A może to wcale nie była przyjaźń …

Usłyszana ostatnio opowieść dotyczy osób mi znanych, w towarzystwie których miło spędzałam czas i konsumowałam nie jedno finezyjne danie.

Rzecz dotyczy relacji miedzy 2 kobietami, które latami przyjaźniły się ze sobą, bywały u siebie, celebrowały święta rodzinne, w podobnym czasie wydały na świat potomstwo  i co więcej – razem pracują. Po kilkunastu latach tego co dobre, dziś już nie ma o czym mówić. Jak do tego doszło?

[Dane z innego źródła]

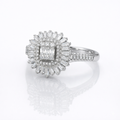 Radiant Crown Solitaire Ring(Fixed Size)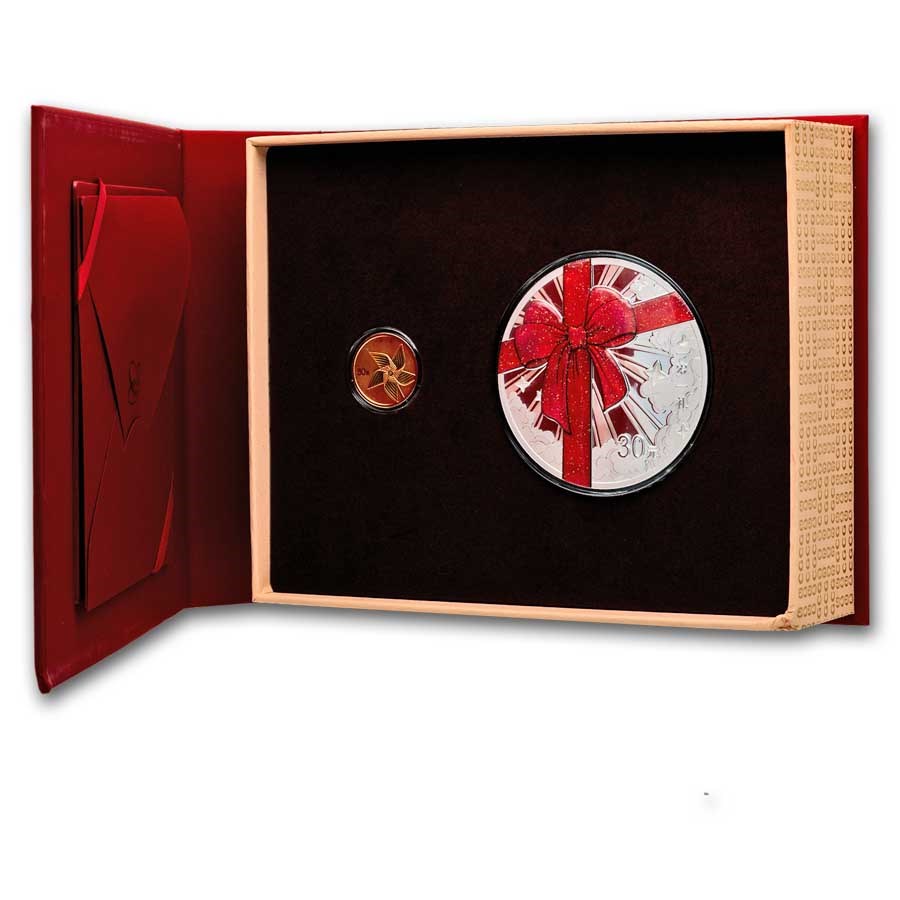 2024 China 2-Coin Gold/Silver Every Birthday is a Gift Proof Set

Osoba, nazwijmy ją na użytek tego bloga, Katarzyna – awansowała, została Dyrektorem od New Business’u. Swoją postawą, zachowaniem, dojrzałością i konsekwencją w działaniu zapracowała na tę pozycję, zdobyła zaufanie u Dyrektora Zarządzającego i zespołu. Jest też osobą spełnioną życiowo, która z szacunkiem traktuje siebie i innych. Lojalna, zrównoważona emocjonalnie, planująca swoje działania, dbająca o jakość relacji z innymi. Jej typ osobowości ISFJ

Marysia – to typ działacza, który musi być nieustannie w coś zaangażowany, lubi pracę z ludźmi, dużo mówi, lub jasne reguły i zasady, skupia się na tu i teraz, myśli szczegółami, ważne są dla Niej cele i wyniki, poza tym plany, plany i jeszcze raz plany. Jest Dyrektorem Sprzedaży (typ osobowości ESTJ)

To, co zaważyło na relacji między tymi osobami  – to sposób dochodzenia co celów Marysi i niechęć Katarzyny do uczestniczenia w nowej „grze” (T-F). Gra jest prosta. Świat dzieli się na białe i czarne, na tych co mają rację i jej nie mają, na to co dobre i złe, ja wygrywam – ty przegrywasz, albo ja albo ty. Katalizatorem, który uruchomił tę grę był awans Katarzyny. Marysia też awansowała – ale ich stanowiska mają inny poziom odpowiedzialności, inny system rozliczenia i co najważniejsze do celów prowadzą różne drogi, których Marysia nie może już kontrolować. Wspólna praca więc ogranicza się do minimum, różne osoby wciągane są do gry, Marysia podważa autorytet Katarzyny, zarzuca Jej nawet, że musi na Nią pracować.

Różne wartości i brak akceptacji inności przyjaciół może zniszczyć coś – co obu Paniom dawało wiele radości przez lata.

A może to wcale nie była przyjaźń, tylko jakiegoś rodzaju transakcja?